The Supreme Court has set aside Friday, June 23, 2017, to rule on whether a typographical error of date on a search report issued by the Abuja Geographical Information System (AGIS) constitutes fresh evidence in a disputed property in the Federal Capital Territory (FCT).
Parties to the suit are Sokoto Prince and former Nigeria’s Ambassador to South Africa, Alhaji Shehu Malami and business mogul, Sir Emeka Offor, as appellants, and a Nigerian-American businessman in Diaspora, Mr. Imoukhuede Ohikhuare, who is the first respondent.
Before the typographical error came up in the matter at the apex court, both Malami and Offor had lost the case at the Court of Appeal, Abuja Division on May 28, 2015.
At the last hearing on the matter on March 28, 2017, counsel to both Malami and Offor, Joe Agi (SAN), had claimed before the Supreme Court that the error constituted fresh evidence in the legal tussle.
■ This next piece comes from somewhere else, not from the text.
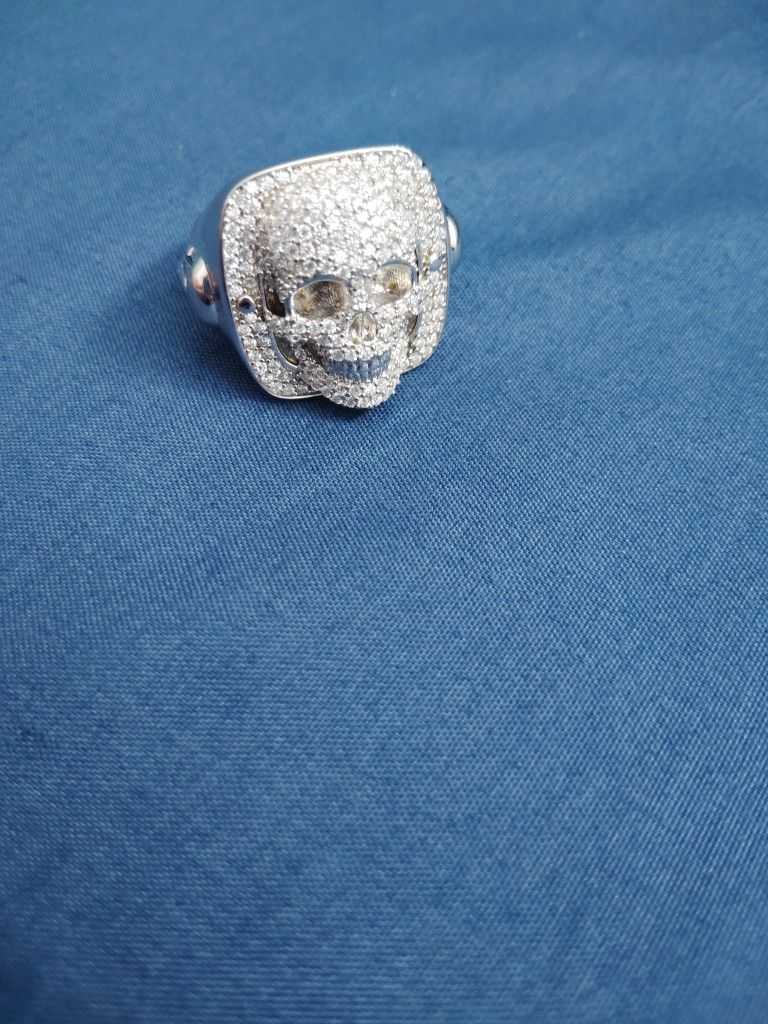 Solid 925 Sterling Silver Skull Ring Size 9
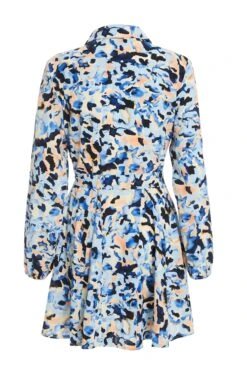 Blue Smudge Print Mini Shirt Dress -Princess Style Shop 00100036686 ZB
The AGIS document has been available to Malami and Offor when the case started at the Abuja High Court and the Court of Appeal.
When the apex court’s panel led by Hon Justice Bode Rhodes-Vivour (JSC) asked Agi if he did not spot the typographical error through hearings at the High Court and the Court of Appeal, Agi said that he did not represent Malami and Offor at the lower courts.
But, one of the lawyers who appeared alongside Agi and deputises for him when he is absent from court at the Supreme Court, Mr. J. C. Njikonye, was on the Malami/Offor legal team from the inception of the case at the lower court headed by Justice A.S. Umar.
As a tradition, the apex court does not consider evidence tendered at the lower courts as litigants who appear before it only present fresh evidence hitherto unavailable at the courts below.
Before the case assumed this dimension Ambassador Malami had sought to withdraw from it through another lawyer, Mr. Shaka Awaliene, a move, Offor opposed.
While ruling on Malami’s bid to opt out of the appeal, the Supreme Court had accepted Agi as counsel to both appellants in the matter, insisting that the Sokoto Prince would have to appear in person before it to disown Agi and tell the court that he would rather abide by the Court of Appeal verdict on the case than continue at the apex court.
The disputed property, a N1 billion two-wing duplex is located on Plot 1809 Asokoro, Abuja. The appellants took possession of it from Ohikhuare four years ago based on the judgment of Justice Umar, in a suit filed by Ambassador Malami.
In a unanimous decision delivered on May 28, 2015, the Court of Appeal, Abuja Division restored the ownership of the property to Ohikhuare, a verdict which is now on appeal at the Supreme Court.
The Appeal Court had declared the High Court judgment legally deficient because Malami “no longer had the power to initiate proceedings at the lower court for himself because it is settled that an irrevocable power of attorney given for valuable consideration robs the donor of power to exercise any of the powers conferred on the donee.”